*** PROVIDED DATA ***
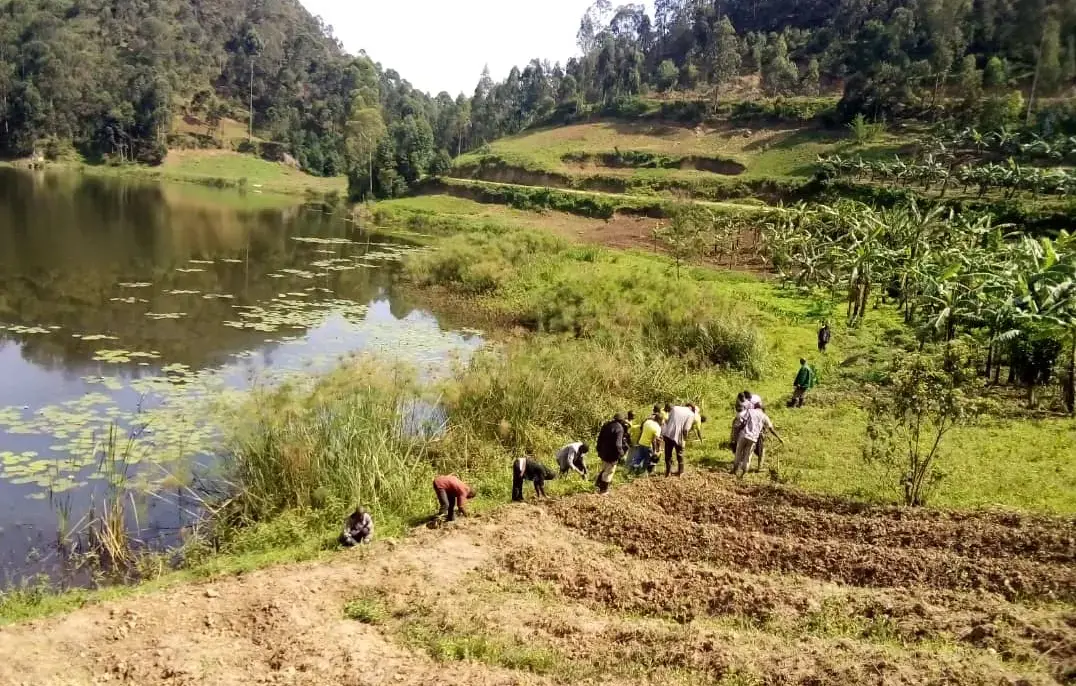 Divine Bamboo in Action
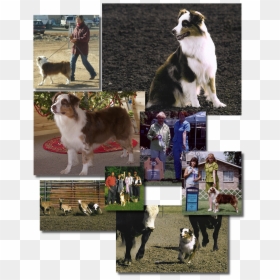 Companion Dog, HD Png Download - amistad png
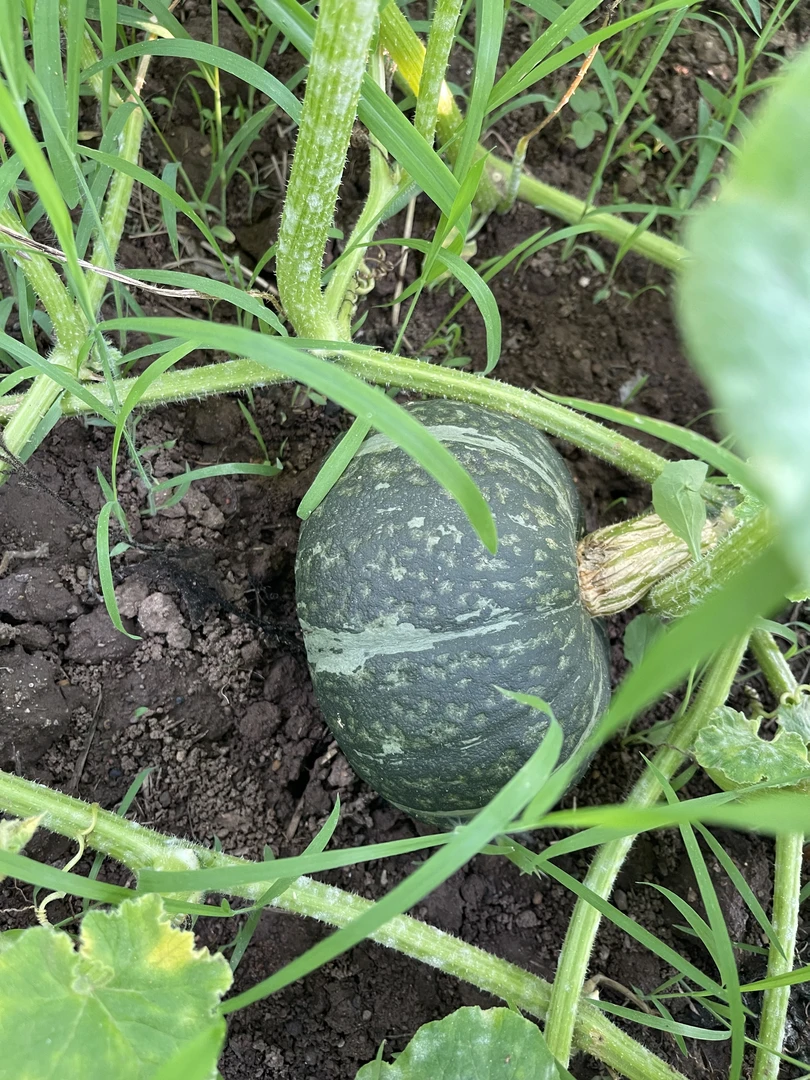 板栗南瓜露天种植蜜蜂自然授粉一藤一瓜面香糯甜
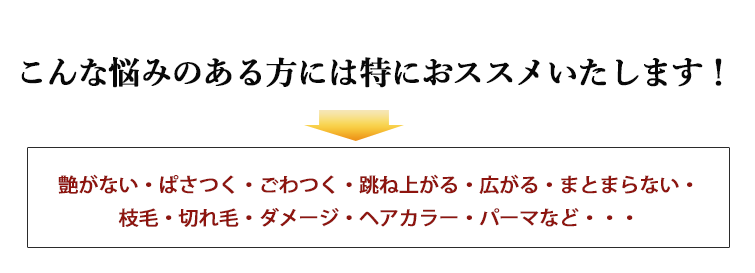 【キャセオンPGトリートメント】こんな悩みのある方には特におススメいたします!艶がない・ぱさつく・ごわつく・跳ね上がる・広がる・まとまらない・
枝毛・切れ毛・ダメージ・ヘアカラー・パーマなど・・・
*** End of PROVIDED DATA ***
### EXERCISE INSTRUCTIONS
Write out nothing but the lines from the one with "Companion Dog, HD Png Download - amistad png" through the last line of the entries, exactly as they stand; pictures are not part of the copy.

### SOLUTION FOR THIS TASK
 Companion Dog, HD Png Download - amistad png
 板栗南瓜露天种植蜜蜂自然授粉一藤一瓜面香糯甜
 【キャセオンPGトリートメント】こんな悩みのある方には特におススメいたします!艶がない・ぱさつく・ごわつく・跳ね上がる・広がる・まとまらない・
枝毛・切れ毛・ダメージ・ヘアカラー・パーマなど・・・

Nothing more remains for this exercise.